**Description of the task**
The line with "The Doctor Dances" marks the first line to copy, and the line with "Cano Turbina Audi A4 2.0 Tfsi 2018" marks the last. Transcribe that stretch of the data below exactly, without pictures.

**Material supplied**
-------
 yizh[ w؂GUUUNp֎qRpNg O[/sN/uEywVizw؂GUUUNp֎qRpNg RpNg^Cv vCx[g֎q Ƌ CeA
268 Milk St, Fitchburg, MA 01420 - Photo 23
-------
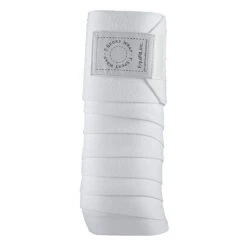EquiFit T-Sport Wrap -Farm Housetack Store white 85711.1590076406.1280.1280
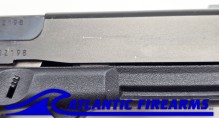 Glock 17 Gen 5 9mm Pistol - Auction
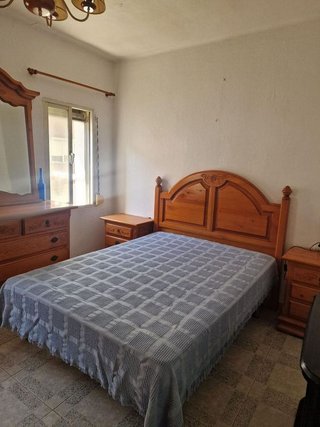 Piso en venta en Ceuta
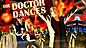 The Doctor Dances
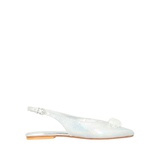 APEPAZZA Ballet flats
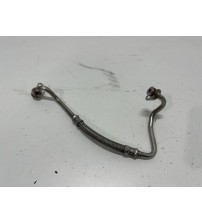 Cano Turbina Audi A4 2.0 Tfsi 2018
-------
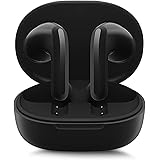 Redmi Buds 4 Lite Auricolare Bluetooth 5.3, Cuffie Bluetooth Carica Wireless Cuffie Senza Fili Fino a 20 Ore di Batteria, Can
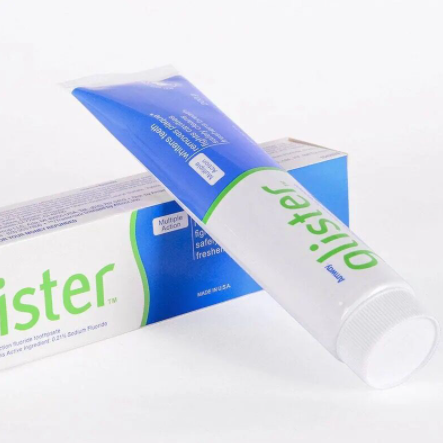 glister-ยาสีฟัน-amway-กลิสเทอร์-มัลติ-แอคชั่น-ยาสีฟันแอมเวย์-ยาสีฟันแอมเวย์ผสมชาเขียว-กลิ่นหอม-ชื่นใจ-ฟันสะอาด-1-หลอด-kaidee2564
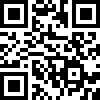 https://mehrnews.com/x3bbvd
-------
**Result below**
 The Doctor Dances
 APEPAZZA Ballet flats
 Cano Turbina Audi A4 2.0 Tfsi 2018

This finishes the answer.